[Start of section]

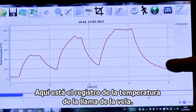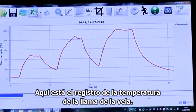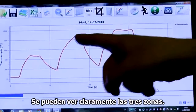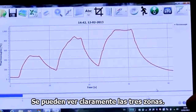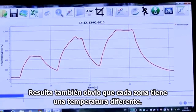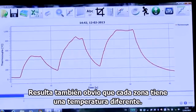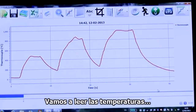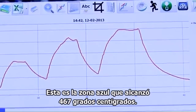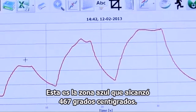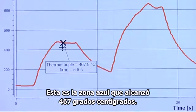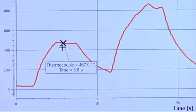Here is the candle flame temperature recording. You can clearly see the three different zones. It's also obvious that each zone has its own temperature. Let's see what the temperatures are. Starting with the blue zone — the temperature was 467 degrees centigrade.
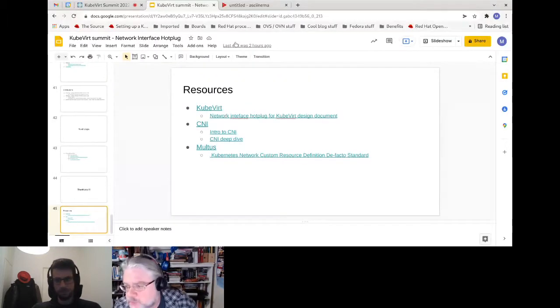Q&A: A question asks whether add/remove network can be done in a Windows VM. The answer is: it hasn't been tested and it's unclear if virtio is required, so there's no definitive answer right now.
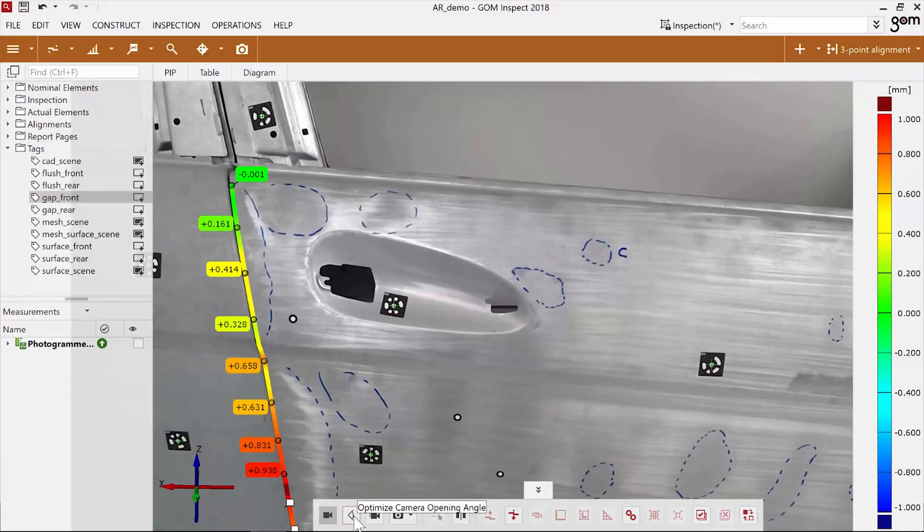If the virtual data don't match the real object well, you can click Optimize camera opening angle. Then the camera field of view is recalibrated.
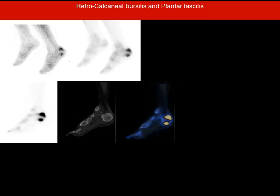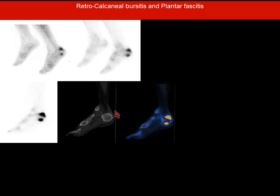Another patient with pain in the foot. It is a two-phase bone scan showing two focal areas of increased tracer uptake. Without hybrid imaging, one could have been called Achilles tendonitis and the second plantar fasciitis. However, there are bursas close to this area — the retrocalcaneal and retroachilleal bursas. In this case the diagnosis was plantar fasciitis with retroachilleal bursitis.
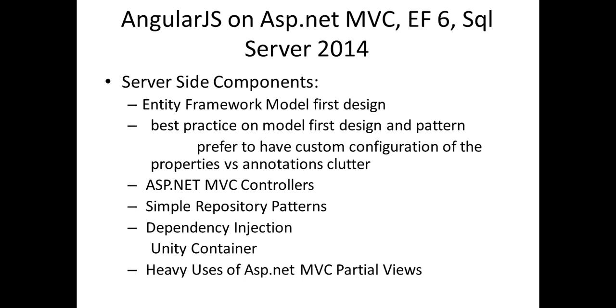And the other thing, that is the client side, and the server side, of course, I'm using Entity Framework. This demo was written using code-first design, so I will be talking about some of the configuration. Why it is considered a good idea to have custom configuration of your model-first design, rather than having your properties annotated with all this kind of clutter, annotation clutter. And of course, you need to persist your data, I'm not really using ASP.NET Web API, just ASP.NET MVC, and all of them will be returning the JSON data for the clients.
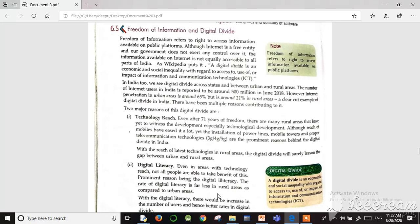Freedom of information means anybody can take any information from the internet. The digital divide means that due to some problems, some people cannot get proper internet access or cannot access information. Digital divide is an economic and social inequality with regard to access and use or the impact of information and communication technology. In India, there are many people who cannot access the internet properly — this is called a digital divide.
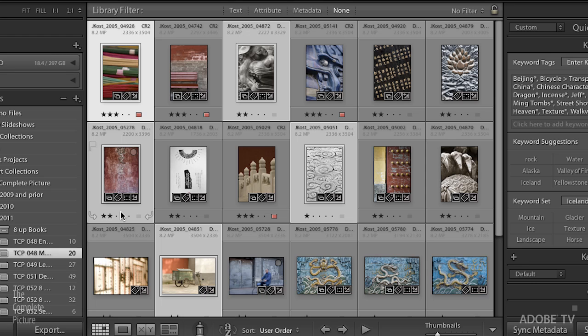But this is where Lightroom gets a little bit more complicated, because you will notice that when you have more than one image selected, one image will always appear a little bit brighter, and that will be your most selected image. Now, I know that sounds odd, but there's a reason for it. If you've ever had one image that you've corrected, or you've added keywords or metadata to, and you want to apply those exact same settings to all of the other selected images, we have to know which is more selected.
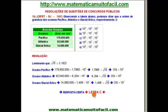A questão diz o seguinte: observando a tabela abaixo, percebemos que podemos dizer que a ordem de grandeza dos oceanos Pacífico, Atlântico e Glacial Ártico, respectivamente, é. Ele dá uma tabela onde aparece a área dos oceanos.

[End of section]

* EXERCISE DETAILS:
Your copy should hold every record word for word and none of the pictures.

* WRITTEN RESPONSE:
Here is the candle flame temperature recording. You can clearly see the three different zones. It's also obvious that each zone has its own temperature. Let's see what the temperatures are. Starting with the blue zone — the temperature was 467 degrees centigrade.
Q&A: A question asks whether add/remove network can be done in a Windows VM. The answer is: it hasn't been tested and it's unclear if virtio is required, so there's no definitive answer right now.
If the virtual data don't match the real object well, you can click Optimize camera opening angle. Then the camera field of view is recalibrated.
Another patient with pain in the foot. It is a two-phase bone scan showing two focal areas of increased tracer uptake. Without hybrid imaging, one could have been called Achilles tendonitis and the second plantar fasciitis. However, there are bursas close to this area — the retrocalcaneal and retroachilleal bursas. In this case the diagnosis was plantar fasciitis with retroachilleal bursitis.
And the other thing, that is the client side, and the server side, of course, I'm using Entity Framework. This demo was written using code-first design, so I will be talking about some of the configuration. Why it is considered a good idea to have custom configuration of your model-first design, rather than having your properties annotated with all this kind of clutter, annotation clutter. And of course, you need to persist your data, I'm not really using ASP.NET Web API, just ASP.NET MVC, and all of them will be returning the JSON data for the clients.
Freedom of information means anybody can take any information from the internet. The digital divide means that due to some problems, some people cannot get proper internet access or cannot access information. Digital divide is an economic and social inequality with regard to access and use or the impact of information and communication technology. In India, there are many people who cannot access the internet properly — this is called a digital divide.
But this is where Lightroom gets a little bit more complicated, because you will notice that when you have more than one image selected, one image will always appear a little bit brighter, and that will be your most selected image. Now, I know that sounds odd, but there's a reason for it. If you've ever had one image that you've corrected, or you've added keywords or metadata to, and you want to apply those exact same settings to all of the other selected images, we have to know which is more selected.
A questão diz o seguinte: observando a tabela abaixo, percebemos que podemos dizer que a ordem de grandeza dos oceanos Pacífico, Atlântico e Glacial Ártico, respectivamente, é. Ele dá uma tabela onde aparece a área dos oceanos.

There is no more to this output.